Recorded 1/26/14 by Mark Linsenmayer with Stanley Martin, Sean Webb, and Yannick Kilberger as a follow-up to PEL ep. 87.
The novel Nausea gives perhaps a more vivid picture than his straight-up philosophy writings of what existentialism feels like. The narrator feels the raw existence of his surroundings: “existence which unceasingly renewed itself and which was never born” (p. 132). What seems to happen is that while ordinarily we see objects as meaningful, e.g. as tools, as decoration, as things with history and often purpose, we can set that aside and see things instead as brute and meaningless. We can’t handle that, aren’t meant to handle that, and so instead of this being a machine-like, unemotional way of experiencing things, it is intolerably icky.

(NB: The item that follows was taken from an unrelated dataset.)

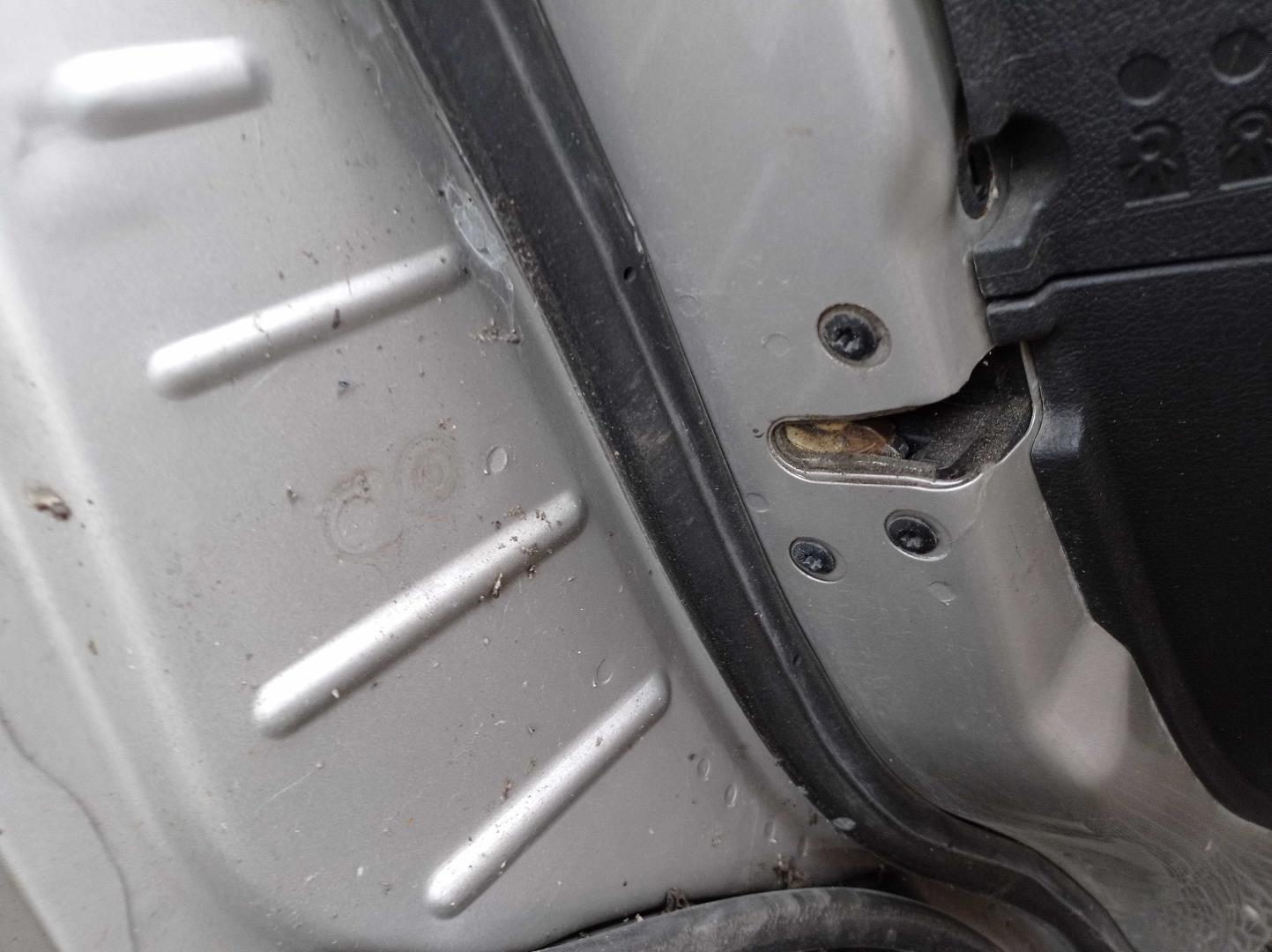 Дверь задняя левая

In this discussion, we try to figure out what the narrator's deal is, kvetch about the experience of reading this pretty but basically plotless exercise, and read a lot of quotes. Fun was had by all.
Not School is a way for PEL Citizens to read a text collaboratively and talk about it on exclusive online forums and/or on recordings like this one. Warning: Unlike regular PEL episodes, these recordings are largely unedited and feature participants who may be new to philosophy and are using crummy microphones. You'll get a good idea of what the reading is about, but we provide no other guarantees re. the quality of this discussion.